I can run through anything
Both literally and metaphorically, this is one of the most important lessons I learned. In that year I was “double dumped," less than a year apart. I was attacked by someone, which later proved to be nothing, but which put immense stress on me (people mired in their own pain project sometimes). I have had fights with people I loved. I have fought to want to get up in the morning. I have had insomnia, colds, even a pulled back muscle and dislodged rib). I have been pushed to stress levels that made me want to scream—and later want to go crawl under the covers to make the world stop until things settled. You know, like life. This is life. The worst days were the days I was most determined to run. In fact, I found out I do my best running angry. Somehow it feels just to channel such pain and anger into the road that way. Ultimately, I ran harder and better on the bad days because I couldn’t let someone else or something else be my catalyst to not running after a streak. That's how I stopped the first time, years ago. And I always, always regretted it. Every person I saw running triggered a pang of regret in me. When I stop the running streak, it will not be the result of letting someone get to me or feeling bad. Barring any injury that makes it impossible physically to run, when I stop the streak, it will be on a good day, when I make the choice because it’s time to stop. But that leads me to another thing I learned:
It’s not inherently unhealthy to run 7 days a week (or, "know your body")
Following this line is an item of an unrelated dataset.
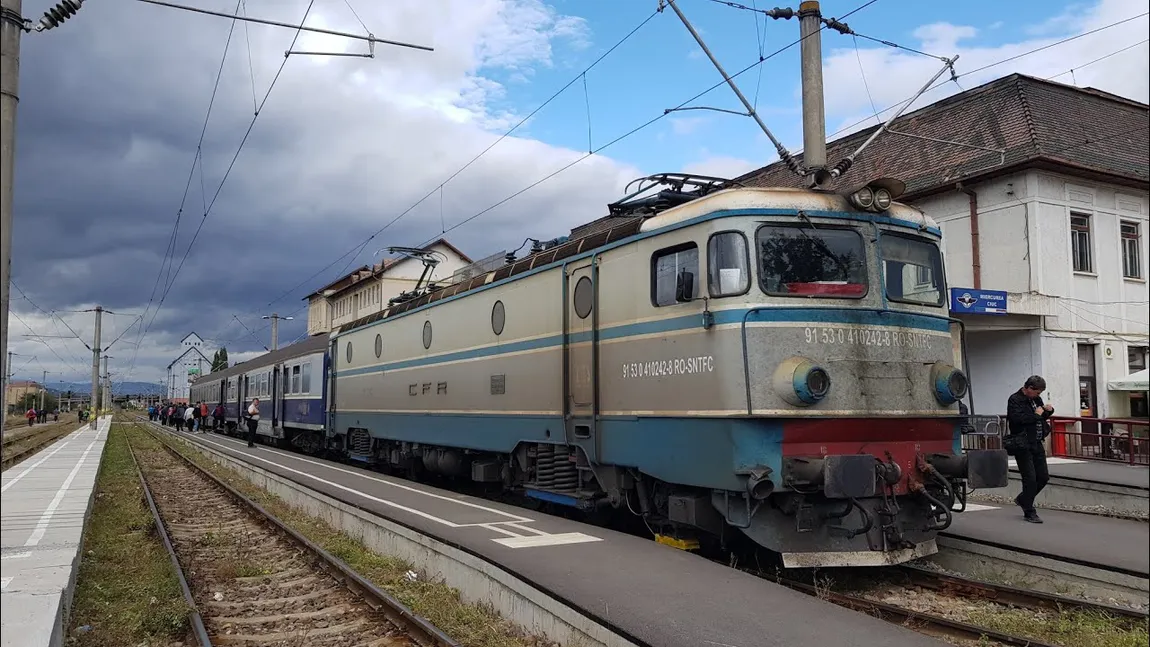 Trei adolescenți au fost loviți de tren, la Suceava, din cauza căștilor de pe urechi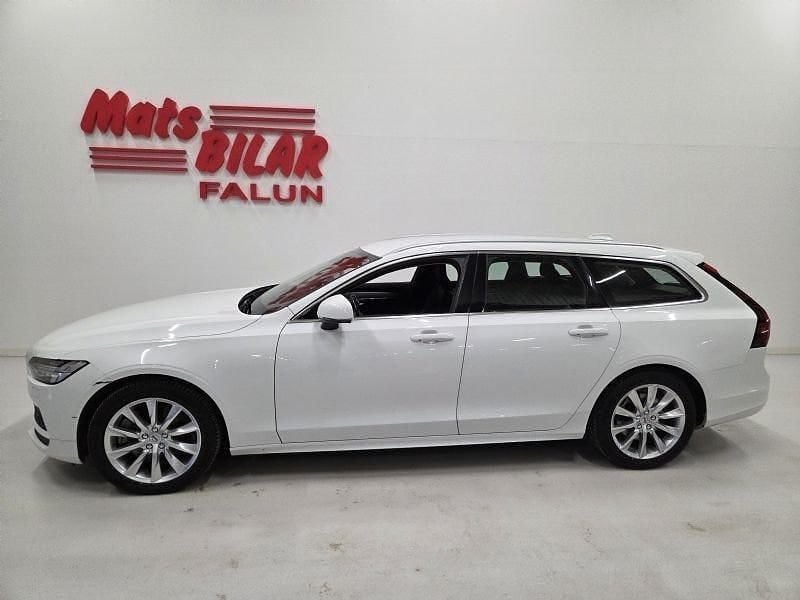 Vit Begagnad 2020 Volvo V90 Momentum Kombi | 269 900 kr (Dyr) - Bild 1/4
I actually asked a former health and fitness coach of mine, who is a genuine fitness professional with education, training and experience, before I committed to a long term streak. I wanted to run a long time, long term, not just prove I could do it every day. She pointed out to me that it was more about mileage than it was about running every day. I went from 20 miles a week to, eventually, about 25 with the streaking. I still hover around there. In marathon training there were some 30 and up to 40 mile weeks, and sometimes I still get close to or at about 30. But the fact is, I don’t run heavy mileage. There are people who run twice as many miles as I do but only 4-5 times a week, who are probably at greater risk of injury than I (and a lot of them do not get injured). Injury can happen anyway. But to say it’s automatically unhealthy to run 7 days a week is false. Most people probably feel better mentally if they rest. Some have lifestyles than really only allow serious training a few days a week. There’s nothing at all wrong with that. But there’s also nothing wrong with running 7 days a week if you are feeling okay and your body does well. I have always been a believer in the “you know your own body best” philosophy of running, and the streak has convinced me of that more than ever. All the runner rules are rules of thumb, generalities, and good ones, but general ones. We have to learn what our body can and can't do. I find that if my muscles feel strained, I can take a break in the sense of running in the morning one day and not until the evening the next, and that does wonders for me and lets me run daily. To be honest, I rarely need to do that. In fact, even a problem I have had with my knee wasn’t caused by the days I run but by a natural hyper-extension I have exacerbated by long runs, not frequency of them—which I have managed to correct pretty well—all while running. I worried that maybe daily training would hurt my times, but I decided to write down my races in that year, and also any notable successes with them. Here is my list (I may be leaving one off, but I think this is a complete list):
2013
10K- November 28-Fort Worth (PR at the time, with bronchitis)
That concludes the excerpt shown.